Die große Erleichterung

Es ist also nachvollziehbar, dass erst die Kür Joe Bidens zum US-Präsidenten und nun sein ausgiebiger Antrittsbesuch in Europa fast euphorische Gefühle auslösten.

Make love...: First Lady Jill Biden illustrierte mit ihrem Outfit das Streben nach Wiederbelebung der transatlantischen Freundschaft.
Make love…: First Lady Jill Biden illustrierte mit ihrem Outfit das Streben nach Wiederbelebung der transatlantischen Freundschaft. ©AFP/Melville

Nach den vier finsteren Trump-Jahren, in denen zum ersten Mal in der Geschichte ein US-Präsident Zweifel an seiner Verortung im westlichen Wertekanon aufkommen hatte lassen, ist die Erleichterung groß. Da ist endlich wieder einer im Weißen Haus, der zumindest so ähnlich tickt wie wir hier auf der anderen Seite des Atlantiks, der den freiheitlich-demokratischen Grundkonsens nicht mehr infrage stellt, den Europäern auf Augenhöhe und nicht von oben herab begegnet und sich dem Multilateralismus verpflichtet fühlt.

Liebesbotschaft

Gar nicht zufällig hatte First Lady Jill Biden gleich zum Auftakt der Europa-Tour in Cornwall einen Blazer mit dem Schriftzug „LOVE“ getragen: „Wir bringen Liebe aus Amerika mit.“ Amerikaner neigen halt zum dicker Auftragen. Aber die Wiederbelebung des transatlantischen Wir-Gefühls beschränkte sich erfreulicherweise nicht auf die emotionale Ebene. Tatsächlich konnten einige Streitpunkte ausgeräumt werden: Das Strafzollkriegsbeil wurde zwar nicht ganz begraben, aber mit dem Aussetzen der gegenseitigen Zollsanktionen bei Flugzeugen, Wein oder Ketchup (jedoch nicht bei Aluminium und Stahl) wesentlich entschärft.
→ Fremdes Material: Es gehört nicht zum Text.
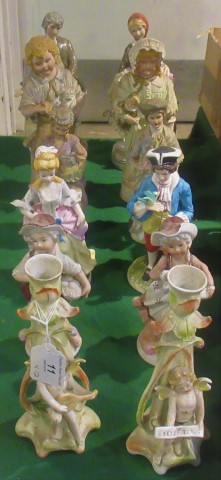 A collection of Continental figurines, consisting of six various couples,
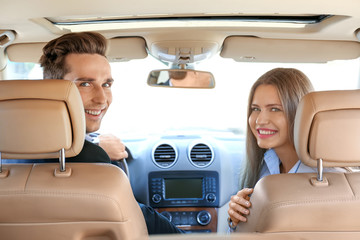 Sticker - Beautiful young couple in car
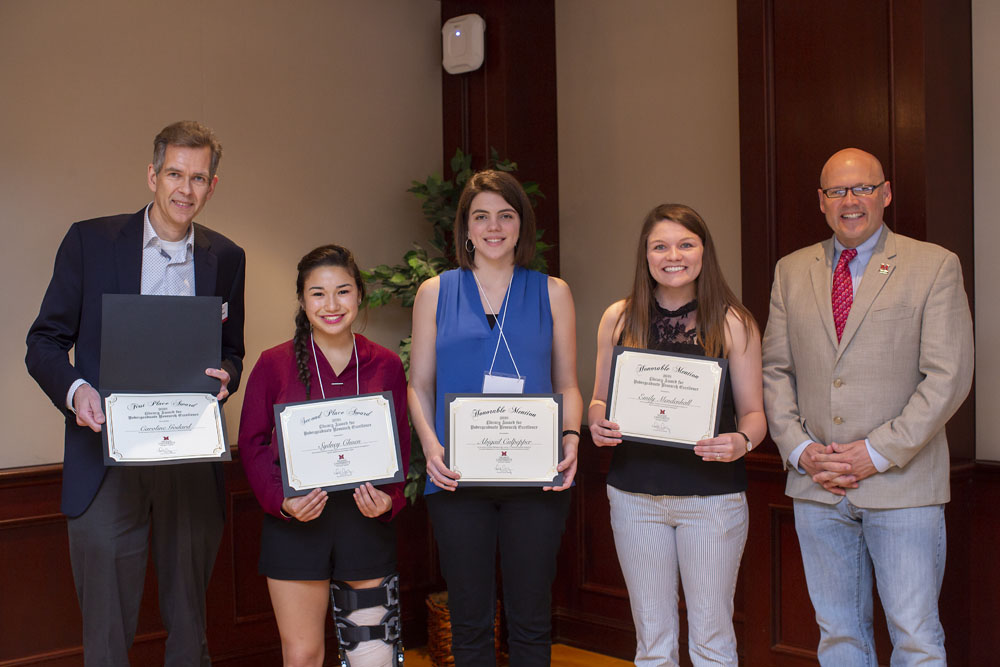 Dr. Wietse de Boer, Ms. Godard’s faculty advisor, who accepted on her behalf as she currently studying abroad in Paris, France; Sydney Chuen; Abigail Culpepper; Emily Mendenhall; and Miami University President Dr. Greg Crawford pose for a photo at the Undergraduate Research Forum Luncheon on Wednesday, April 25, 2018.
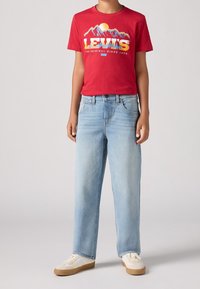 Červené bavlněné tričko s potiskem hor a textem "Levi's", spárované se světle modrými džíny se rovnými nohavicemi a bílými teniskami.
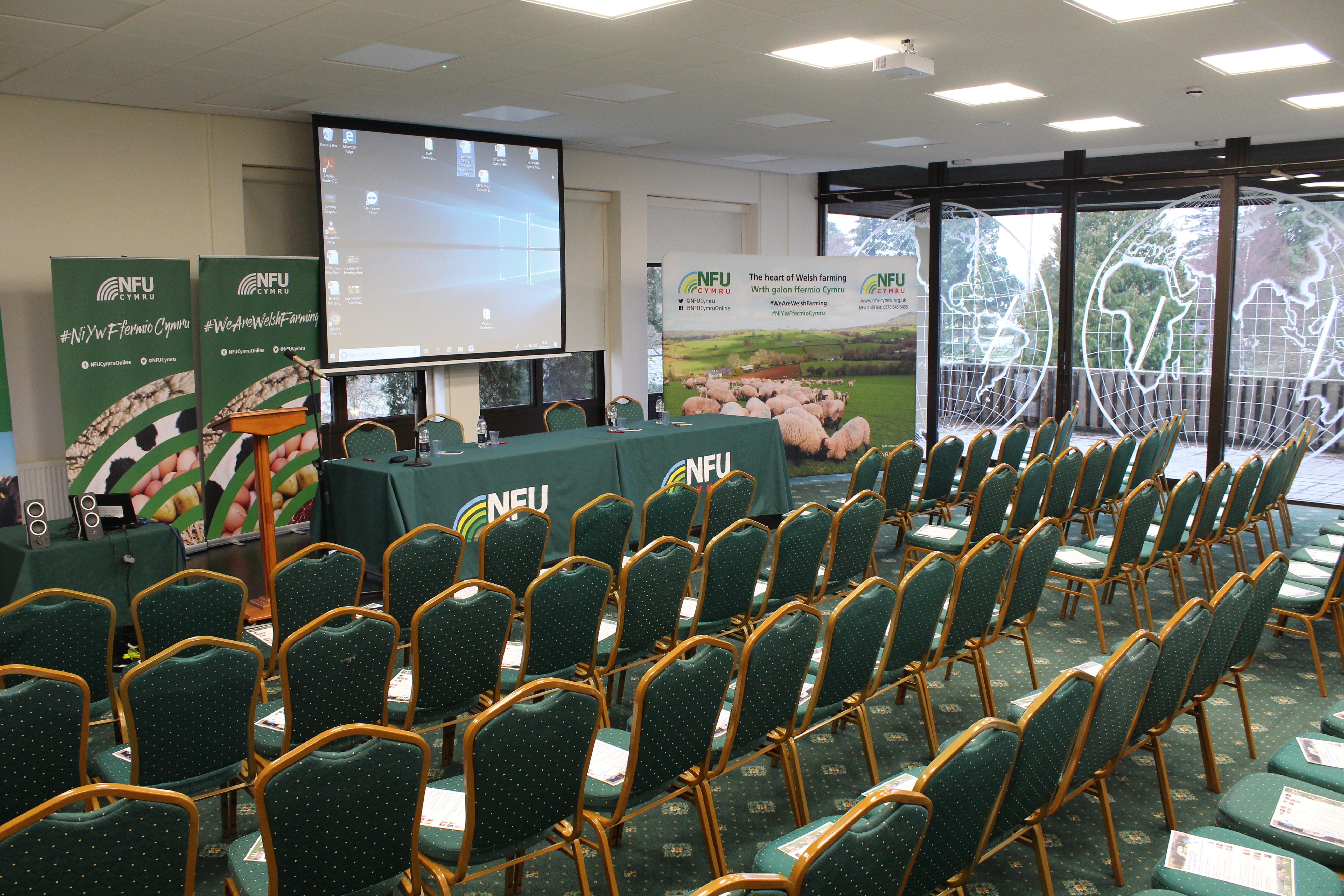 International Pavilion conference setup with stage and seating for networking event.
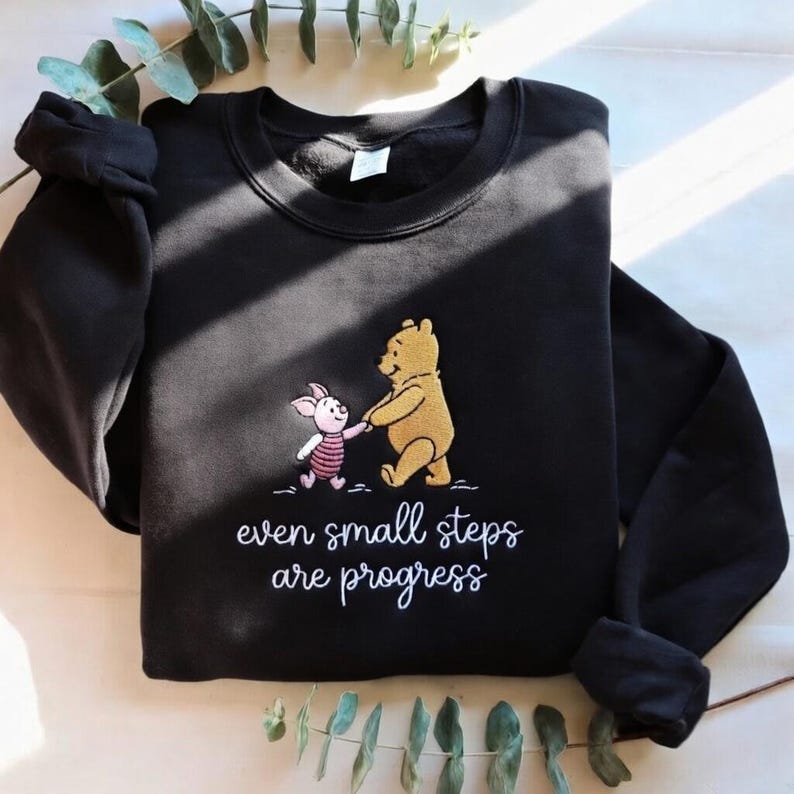 May include: Black sweatshirt featuring an embroidered design of Winnie the Pooh and Piglet holding hands. The text "even small steps are progress" is below the characters. The sweatshirt has long sleeves and a crew neck.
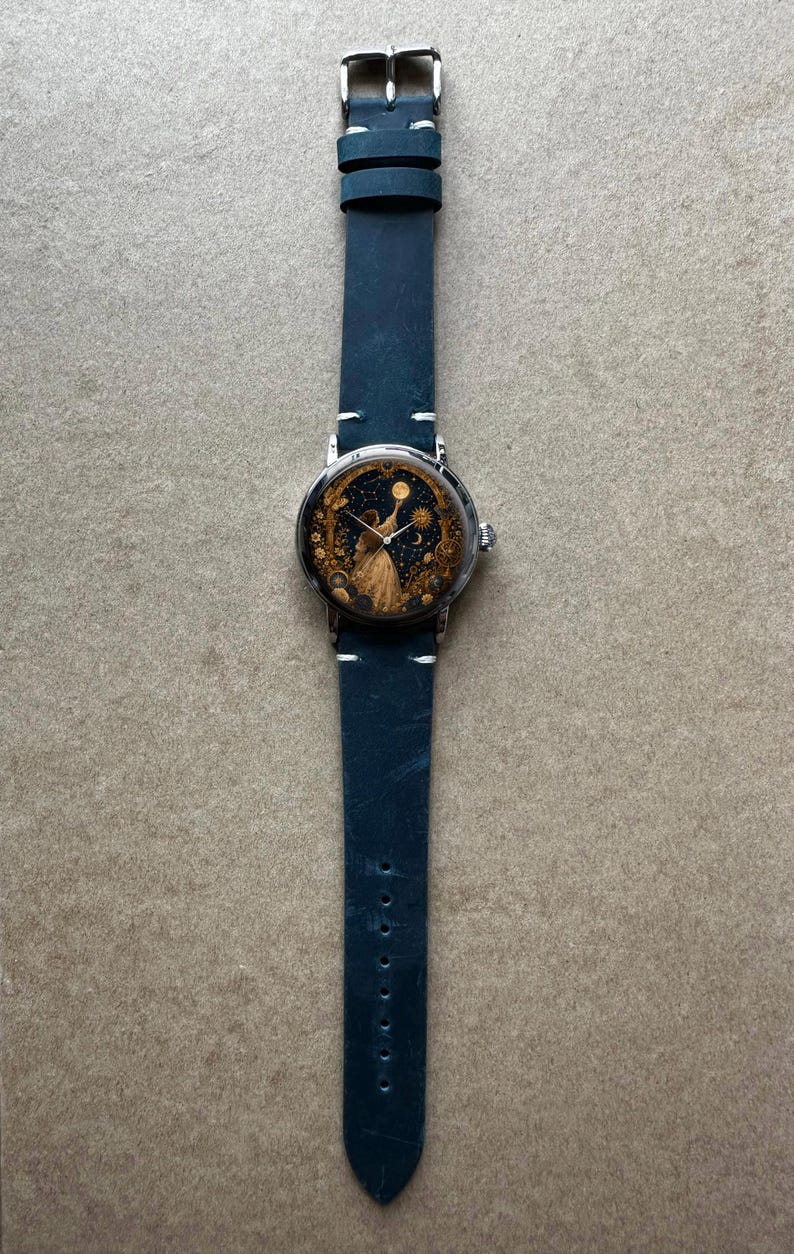 May include: A silver-toned wristwatch with a dark blue leather strap. The watch face features a celestial design with a figure reaching for the moon and stars. The strap is approximately 23 cm long.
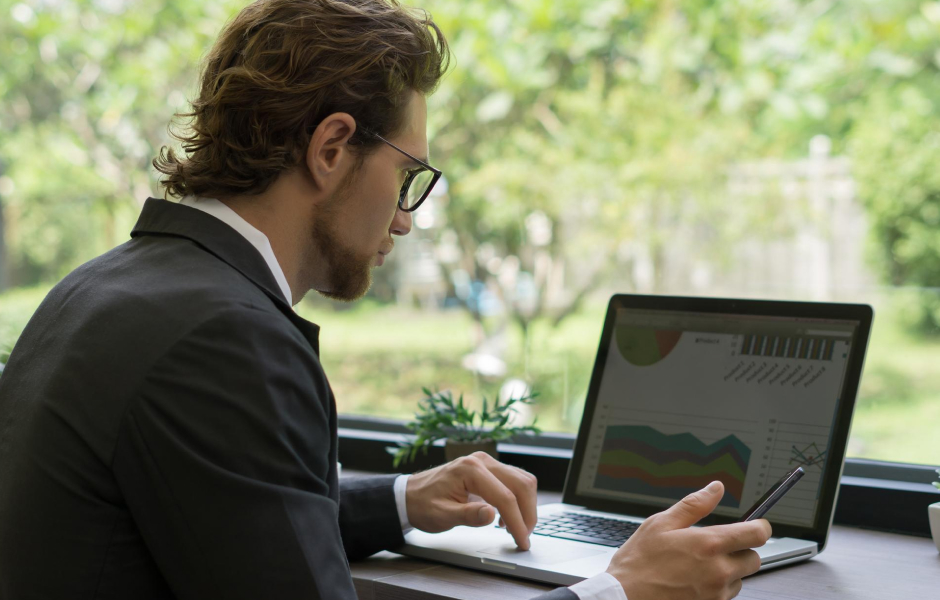 Businessman reviewing business goals on a laptop to determine outsourcing functions for proper alignment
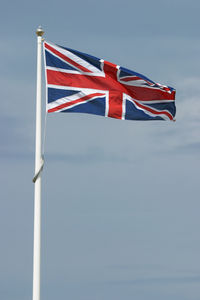 Low angle view of flag flags against sky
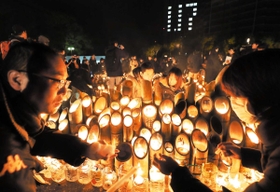 ろうそくを分け合い、竹灯ろうに明かりをともす人たち＝２０２０年１月１７日、神戸市中央区、東遊園地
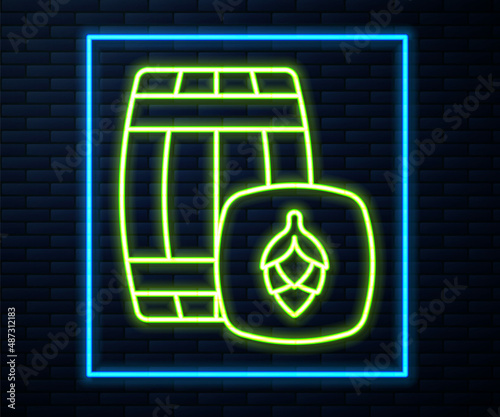 Glowing neon line Wooden barrel icon isolated on brick wall background. Alcohol barrel, drink container, wooden keg for beer, whiskey, wine. Vector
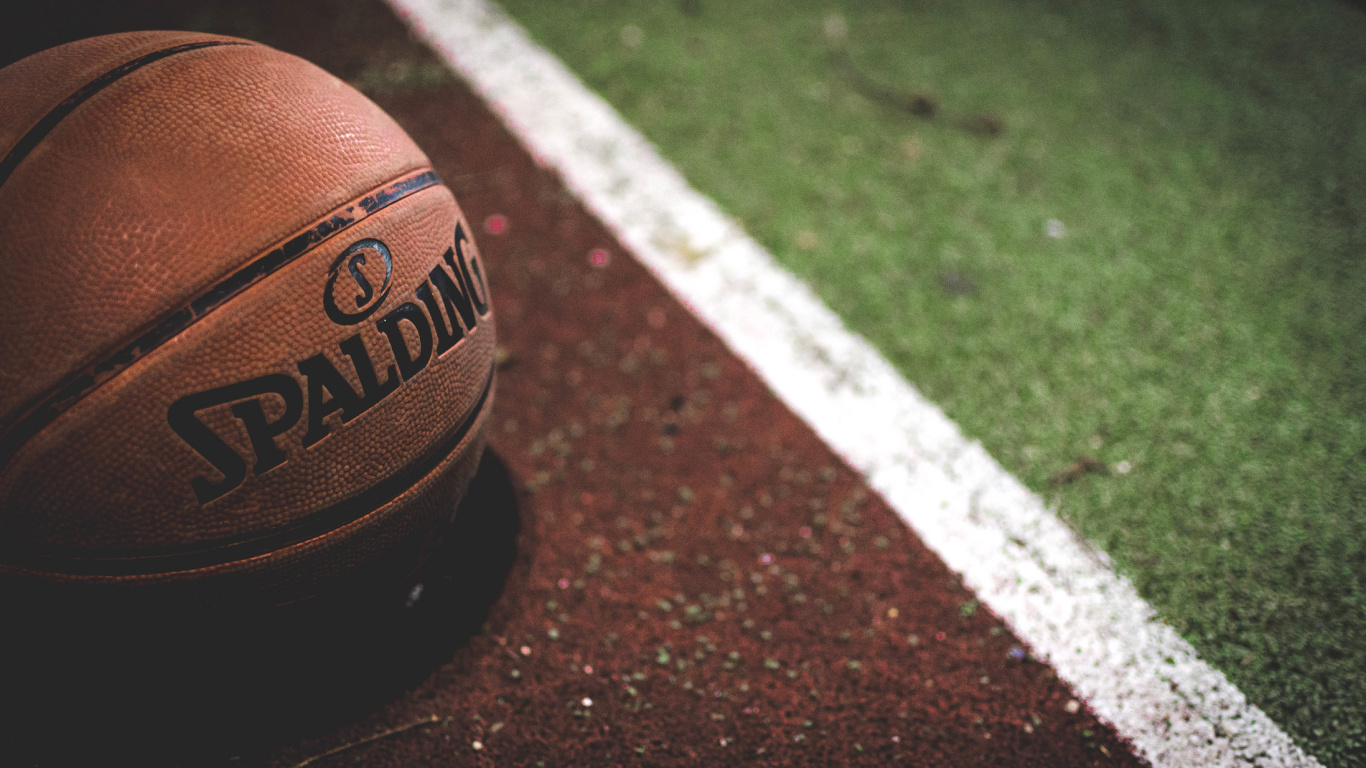 Brown and Black Basketball on Brown and White Concrete Floor. Wallpaper in 1366x768 Resolution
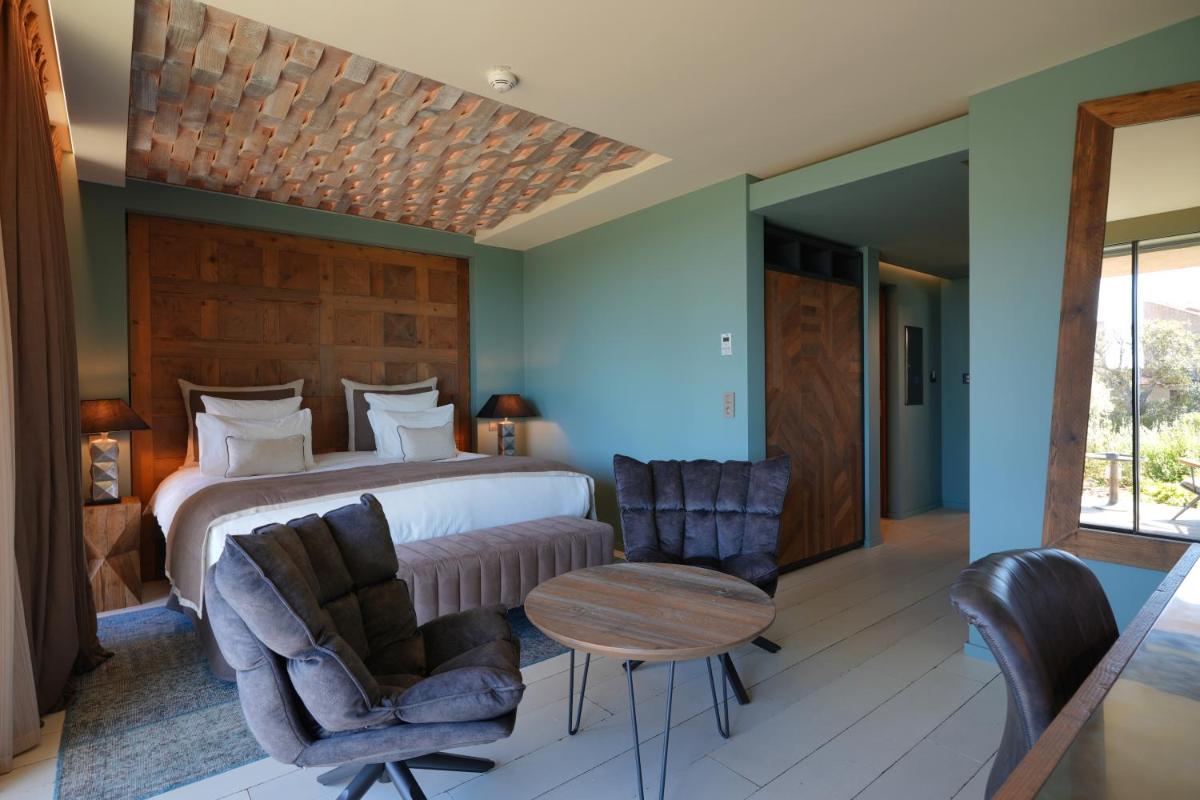 Un ou plusieurs lits dans un hébergement de l'établissement Les Regalia Hôtel & Spa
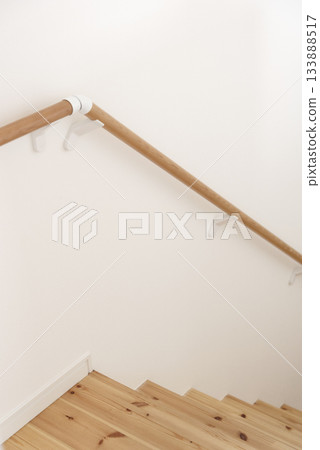 Close-up of wooden stairs and solid wood handrail Close-up of wooden stairs and solid wood handrail 133888517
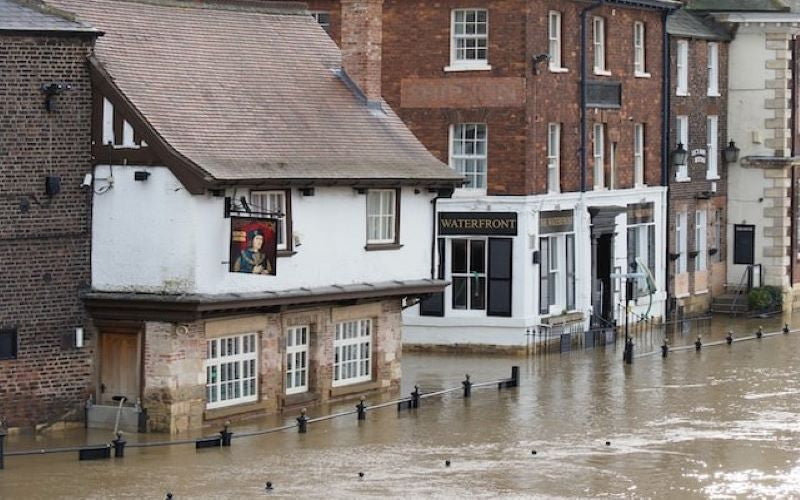 United Kingdom mass flooding. Waist high flooding in the street outside of local pub.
Bidens Entgegenkommen ist freilich weniger als Wiedergutmachung für Trumps Chaosjahre zu verstehen, sondern als nüchterne Konsequenz aus einer Einsicht, zu der sein Vorgänger nicht fähig war: Wer „America great again“ machen und im globalen Machtgerangel die Oberhand behalten will, braucht Verbündete.

Europa vor Bidens Karren?

Und in diesem Punkt werden auch schon erste Schatten auf dem nicht nur von Nato-Generalsekretär Jens Stoltenberg bejubelten „neuen Kapitel in den transatlantischen Beziehungen“ sichtbar. Denn der US-Präsident will Europa vor seinen Karren spannen, um Russland, vor allem aber China Paroli zu bieten.

Die auf Bidens Initiative beim G-7-Gipfel beschlossenen Infrastruktur-Offensive in ärmeren Ländern ist eine Kampfansage an Chinas „Neue Seidenstraße“, die Peking als hegemoniale Einbahnstraße konzipiert hat: Das KP-Regime verschafft sich mit Investitionen globalen Einfluss — mittlerweile bis mitten in die EU hinein, wie das Beispiel Ungarns zeigt.

Spannend wird — angesichts des infrastrukturellen Nachholbedarfs sowohl in den USA als auch in Europa — nicht nur die Frage, wer das „Bidenstraßen“-Projekt finanzieren wird, sondern vor allem, wie sehr die Europäer gewillt sind, bei der angestrebten Konfrontation zu mitzumachen. In der Einschätzung der Herausforderungen mag man sich durchaus einig sein: Wladimir Putins Russland ist ein Störenfried, den die Europäer schon wegen der Geografie mehr fürchten müssen als die USA.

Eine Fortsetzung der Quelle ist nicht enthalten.